A historic and admirable royal order was recently issued by His Highness King Salman bin Abdulaziz designating 22 February as the annual Saudi Founding Day.
This decision will not only lay the foundations for a new and reviving narrative of Saudi Arabia’s early days, but it will also restructure priorities and set the record straight.
Contrary to the narrative that prevailed for decades, the Saudi state, or the concept thereof, date back to the days when the people of the Arabian Peninsula, starting from the central region of Najd, aspired for stable governance and a state that runs their affairs, guarantees their safety and security, and facilitates their lives.
The Saudi state was founded by the Royal Family ancestor Mohammad bin Saud in 1727. That was the true moment of foundation, not any other. So, who is Mohammad bin Saud?

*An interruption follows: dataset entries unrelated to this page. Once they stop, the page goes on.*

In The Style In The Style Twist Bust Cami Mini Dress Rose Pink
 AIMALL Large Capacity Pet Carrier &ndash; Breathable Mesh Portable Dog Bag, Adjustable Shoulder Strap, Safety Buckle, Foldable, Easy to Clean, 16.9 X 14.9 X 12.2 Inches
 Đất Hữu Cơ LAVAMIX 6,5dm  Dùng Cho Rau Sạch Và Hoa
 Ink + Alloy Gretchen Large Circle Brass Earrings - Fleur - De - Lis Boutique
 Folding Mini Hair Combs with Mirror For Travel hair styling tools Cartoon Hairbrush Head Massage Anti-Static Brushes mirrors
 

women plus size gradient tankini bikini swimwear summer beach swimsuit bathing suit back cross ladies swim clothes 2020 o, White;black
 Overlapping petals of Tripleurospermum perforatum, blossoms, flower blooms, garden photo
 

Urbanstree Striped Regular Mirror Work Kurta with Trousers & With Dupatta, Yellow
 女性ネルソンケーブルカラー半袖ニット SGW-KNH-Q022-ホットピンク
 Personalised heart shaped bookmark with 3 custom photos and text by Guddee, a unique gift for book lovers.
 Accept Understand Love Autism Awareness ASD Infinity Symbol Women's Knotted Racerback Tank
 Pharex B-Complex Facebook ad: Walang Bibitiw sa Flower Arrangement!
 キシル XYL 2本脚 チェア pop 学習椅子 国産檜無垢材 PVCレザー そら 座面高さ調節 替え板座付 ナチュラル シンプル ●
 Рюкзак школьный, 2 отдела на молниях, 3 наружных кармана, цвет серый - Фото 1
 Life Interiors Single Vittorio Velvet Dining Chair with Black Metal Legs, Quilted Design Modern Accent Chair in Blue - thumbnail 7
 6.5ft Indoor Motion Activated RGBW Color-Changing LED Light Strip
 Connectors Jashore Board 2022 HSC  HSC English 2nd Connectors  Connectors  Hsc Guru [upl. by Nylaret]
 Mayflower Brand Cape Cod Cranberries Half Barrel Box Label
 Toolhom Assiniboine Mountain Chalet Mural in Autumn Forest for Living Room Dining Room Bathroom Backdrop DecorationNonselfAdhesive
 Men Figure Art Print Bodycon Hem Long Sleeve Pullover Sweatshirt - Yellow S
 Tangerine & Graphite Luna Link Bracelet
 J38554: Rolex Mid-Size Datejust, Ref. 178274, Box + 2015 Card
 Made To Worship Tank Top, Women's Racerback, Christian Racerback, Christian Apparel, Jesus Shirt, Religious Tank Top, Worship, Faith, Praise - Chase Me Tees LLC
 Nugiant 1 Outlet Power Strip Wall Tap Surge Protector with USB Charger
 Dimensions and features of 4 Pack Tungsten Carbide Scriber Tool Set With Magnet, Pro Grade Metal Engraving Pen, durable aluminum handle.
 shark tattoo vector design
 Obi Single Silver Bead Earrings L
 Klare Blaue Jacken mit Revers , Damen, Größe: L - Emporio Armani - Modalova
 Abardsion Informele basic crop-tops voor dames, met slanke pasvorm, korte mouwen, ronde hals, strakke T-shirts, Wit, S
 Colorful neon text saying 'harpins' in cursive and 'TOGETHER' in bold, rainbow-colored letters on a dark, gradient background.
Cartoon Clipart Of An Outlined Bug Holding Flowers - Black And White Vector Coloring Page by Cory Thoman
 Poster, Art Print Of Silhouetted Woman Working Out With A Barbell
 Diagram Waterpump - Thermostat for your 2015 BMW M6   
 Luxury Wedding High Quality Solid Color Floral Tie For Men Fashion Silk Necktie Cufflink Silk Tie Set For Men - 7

Imam Mohammad bin Saud (died in 1765) is the hero and true founder of the Saudi legacy. He was the descendant of a noble family that ruled the city of Diriyah. Under some of his ancestors, the rule of the family sometimes expanded beyond the city’s borders.
The oldest known ancestor to the Saud family was Mani’ al-Muraydi, who established the emirate of Diriyah in 1446. However, it was only in 1744, nearly 300 years later, that Mohammad bin Saud met Muhammad bin Abdul Wahhab.
Mohammad bin Saud was a man with intent, ambition, and political wisdom. Many local and foreign historians have detailed his life and story, most notably, the late historian Mounir al-Ajlani.
Al-Ajlani called for reaffirming appreciation to the founding emir and refuted the prevailing narrative claiming Mohammad bin Saud had no knowledge of the Islamic reformism and da’wah of Sheikh Mohammad bin Abdul Wahab. Rather, the accounts of Ibn Bishr and other historians claim he willingly embraced it and by no means did it come as a surprise to him.
Al-Ajlani says Diriyah was no stranger to Sheikh Abdul Wahab and his da’wah, for the latter had close connections to and frequent communication with many of its men way before he sought refuge in the city. Among them was Mohammad bin Saud’s son and successor, Abdulaziz. As such, al-Ajlani wonders, did Mohammad bin Saud let his son Abdulaziz exchange letters with the Sheikh without his knowledge?
Al-Ajlani cites whom he calls the great French historian Mengin, who obtained his information from those exiled from Saudi Arabia to Cairo, as saying that the Sheikh shared his plan entirely with the emir of Diriyah beforehand, and that his migration to Diriyah in the first place was preceded by many precise arrangements and an initial invite from the emir, who sent knights to welcome and accompany him before he reached the city (“History of the Saudi Arabian country”, Munir al-Ajlani, volume 1, page 94).
Al-Ajlani wrote his book in the era of King Faisal, relying on multi-lingual documents and local sources, as well as personal interviews with senior members of the Saudi Royal family and senior officials in the Saudi state since the era of King Abdulaziz.
This is but a small insight into the life and journey of the First Founder, Muhammad bin Saud.